The Three Savings Accounts You Need Part One: Emergency Savings

lipstick indulgence luxury spending

You know how every woman needs the perfect little black dress and the perfect red lipstick? Well, I beg to differ. What every woman really needs is the peace of mind that comes from having some money socked away for rainy days. After all, with some money behind you, you can buy any number of black dresses and red lipsticks, but you can’t pay the rent with frocks and wax-based tinted lip products. We’ve already discussed the idea of saving 25% of your income. Now, we’re going to get into the details of what you should actually do with the money you save.

As a general rule, there are three basic types of savings accounts that you need. Today, we’re going to focus on the first one: the emergency savings account.

What is an emergency savings account?

I’m sure you’ve heard this before, but the most basic thing you need is an emergency savings account. Essentially, this is where you keep the money that will keep body and soul together in the event of a disaster like losing your job or watching your home burn to the ground. Your emergency savings should be enough to get you back on your feet after that kind of event.

The rule of thumb that you hear bandied about is that you should have 3-6 months’ worth of expenses saved. If you’re being a good egg and using a budget and tracking your spending, you’ll have a solid idea of how much you spend in a month. Let’s say that figure is $3,000; your goal is going to be to have $9,000 to $18,000 tucked away somewhere safe (like, say, an FDIC-insured bank, more on that later).

So that’s… a lot of money. A scary amount, really, for many beginners. I get it. If you’re a novice saver, that can seem almost impossible to achieve. But I promise you, it can be done. After all, I did it, and I’m lazy and underpaid. The trick is to commit and work at it steadily. Saving even $100 a month will eventually get you there, but if you’ve committed to saving 25% of your income and keeping your expenses to 75% of your income, you can get to the magic 6-months-of-expenses-saved in just 18 months.

Trust me, there is nothing quite like the comforting glow of having enough money set aside to cope for a few months if you need to.

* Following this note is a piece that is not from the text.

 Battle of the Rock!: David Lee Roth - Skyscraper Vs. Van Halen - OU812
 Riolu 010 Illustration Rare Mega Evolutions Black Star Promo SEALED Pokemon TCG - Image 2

Where should I put that? (That actually is what she said)

When you set up your emergency savings, you need an actual account to put the money into. There are two things to consider when you’re deciding what to use for an emergency savings account: accessibility and interest rates. Since this is money for an emergency, you’re really going to want to put the money in an account that lets you access it when you need it, such as when you have an emergency.

Basic savings accounts typically let you take money out whenever you like, and often your bank will give you a savings account when you open a checking account. These accounts are insured by the Federal Deposit Insurance Corporation (up to $250,000), so you can feel pretty confident that you’ll be able to get out the money you put in, and they usually don’t have restrictions like minimum balances and so on. However, while they are great for accessibility they are usually super terrible on interest rates. The savings account that comes with my checking account offers a hilariously low 0.10% annual interest rate. Spoiler: I do not use this account for my emergency savings.

If you shop around, you can find accessible options with OK-ish interest rates. You can get up to 1.5% on a penalty-free certificate of deposit (CD) with Ally Bank, for example. This is still less than inflation, which is currently 1.6%, but it’s not the worst.  The downside is that, as with most CDs, you have to deposit a single lump sum, so this is better if you already have a chunk of savings. Another option, which will let you deposit every month, is the Goldman Sachs savings account, which offers 1.20% on a standard savings account. You could also look into Synchrony Bank or Discover Bank. I mean, you know how Google works, you can find these things—the point is that you want to consider how easy it is to access your money, and what kind of interest rate you can get.

I recommend saving up at least three months of expenses in an accessible account before you start pursuing any other savings goals. Being prepared for an emergency is one of the smartest things a girl can do.